While BofI has grown like a weed, the company it still just a tiny player in the banking world. As of the end of 2016, BofI had about $8 billion in total assets. By contrast, a big bank like Wells Fargo has more than $1.9 trillion in total assets. To me, that speaks volumes about this company's room for future expansion.
In the right industry at the right time
Jason Hall (Caretrust REIT): Much of Amazon's success is a product of timing. Founder and CEO Jeff Bezos saw a tremendous opportunity to leverage the burgeoning internet as a marketplace, just as tens of millions of Americans were getting online for the first time. Fast-forward 20 years, and shopping online -- especially on Amazon -- has for millions replaced going to the mall.
Caretrust could be another company in the right place at the right time. Just as millions of people were first getting online 20 years ago, millions of Americans are reaching retirement age every year now -- a trend that's set to continue for decades, as we live longer and more active lives.
That's where Caretrust comes in.
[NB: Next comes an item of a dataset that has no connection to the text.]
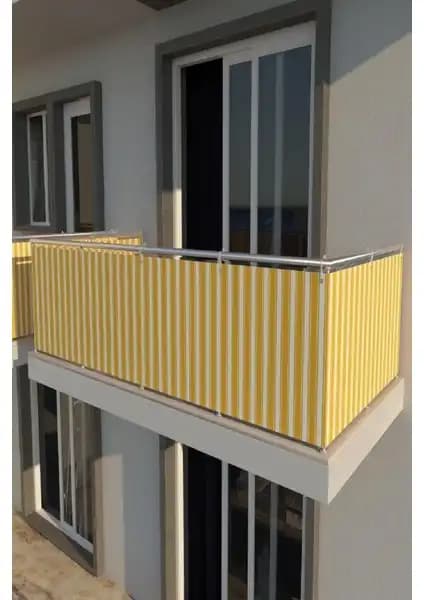 Balkon Dekorasyonunda Alternatifler: Altın Pamuk ve MARKAHİL Balkon Perdeleri Karşılaştırması 2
As a small operator with just over 150 properties, there's a significant opportunity to grow. The 65-plus population is expected to increase from around 47 million in 2015 to more than 81 million by 2040. Considering there are fewer senior nursing facilities operating today than there were in 2000, this is undoubtedly a growth industry.
And like Amazon, Caretrust is founder-led, with CEO Greg Stapley playing a key role in building Caretrust when it was spun out of Ensign Group (which he also co-founded) in 2014.
Furthermore, Caretrust offers something that even Amazon doesn't: a dividend that's set to grow steadily for years and years. So far, management has proved very good at growing per-share earnings, and therefore the dividend, as it builds a bigger property portfolio. While it may be a stretch to expect Amazon-like returns from any stock, Caretrust is in an excellent position to reward shareholders in a very big way for a lot of years to come.